### Problem to work on
Repeat exactly the lines below, from the line containing "Andre Assous Women's" through the last line, both included. Leave out any pictures.

### Input data
* * * * * * * * *

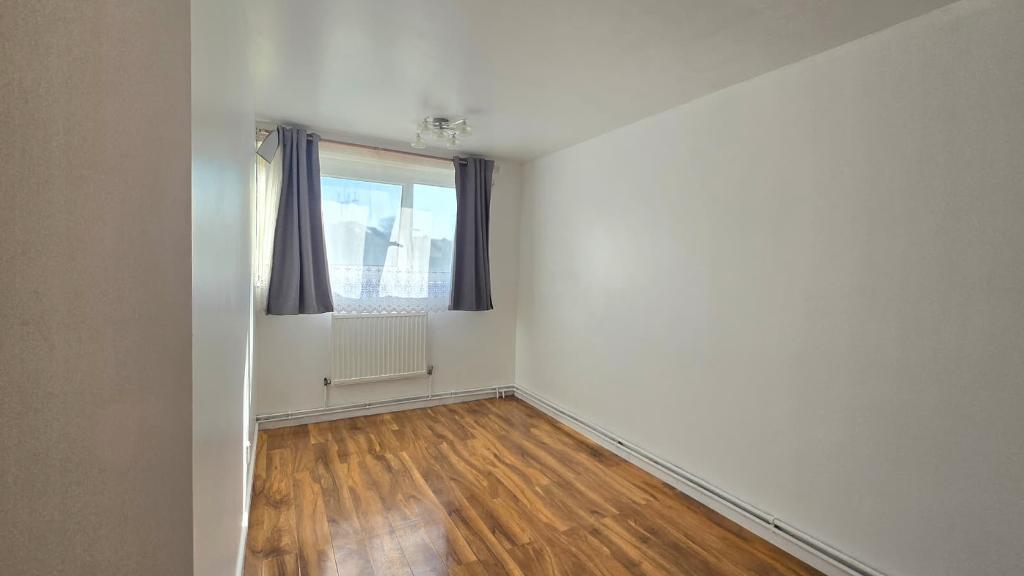 3 Bedroom Maisonette to Rent in London, E15 4HW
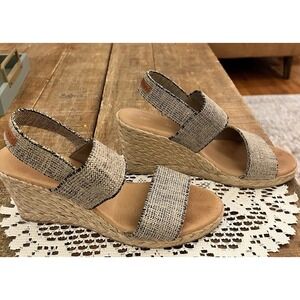 Andre Assous Women's Dalmira Beige Espadrilles Made In Spain EU 38 US 7.5 Sandal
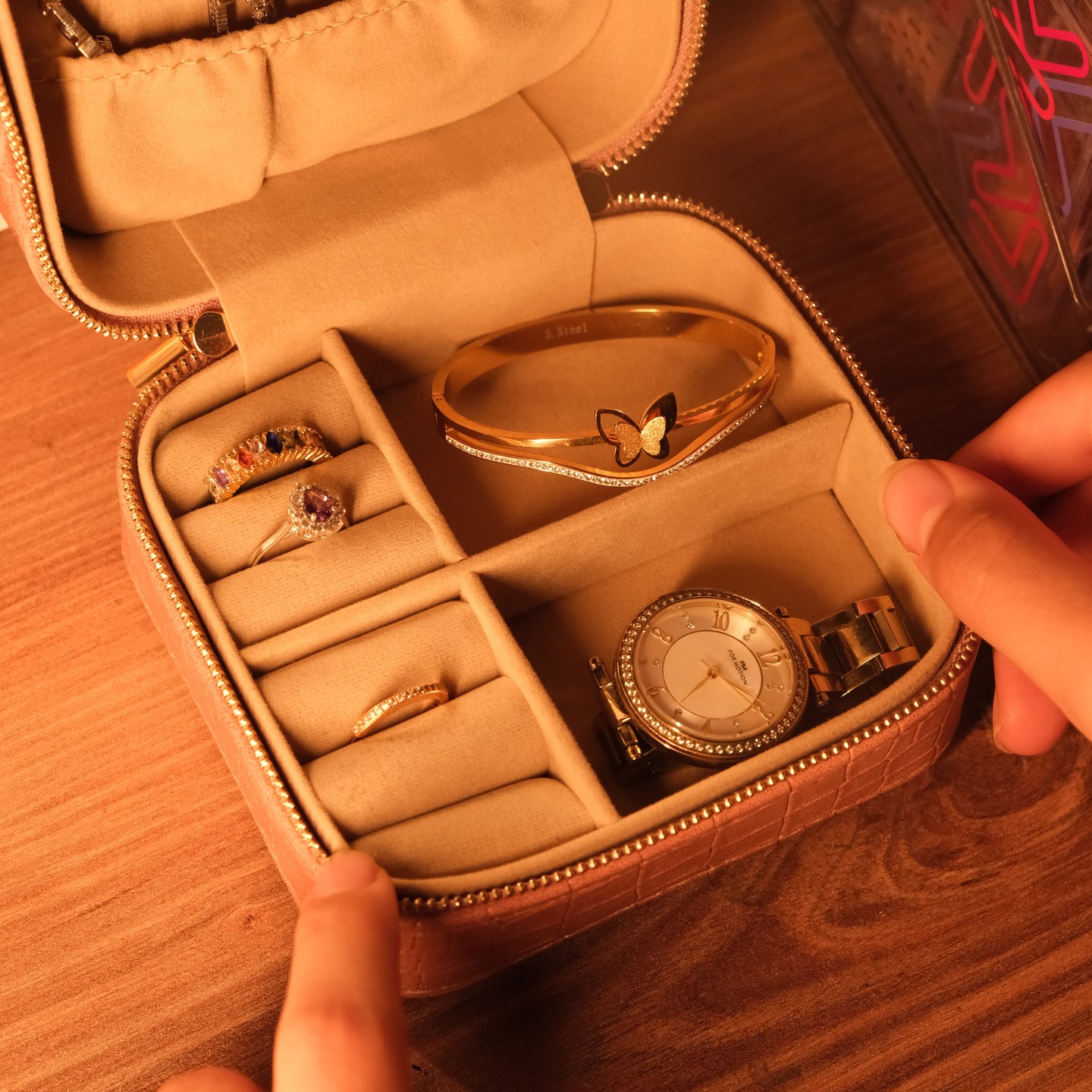 jewelry box jewelry box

* * * * * * * * *

### Task result
 Andre Assous Women's Dalmira Beige Espadrilles Made In Spain EU 38 US 7.5 Sandal
 jewelry box jewelry box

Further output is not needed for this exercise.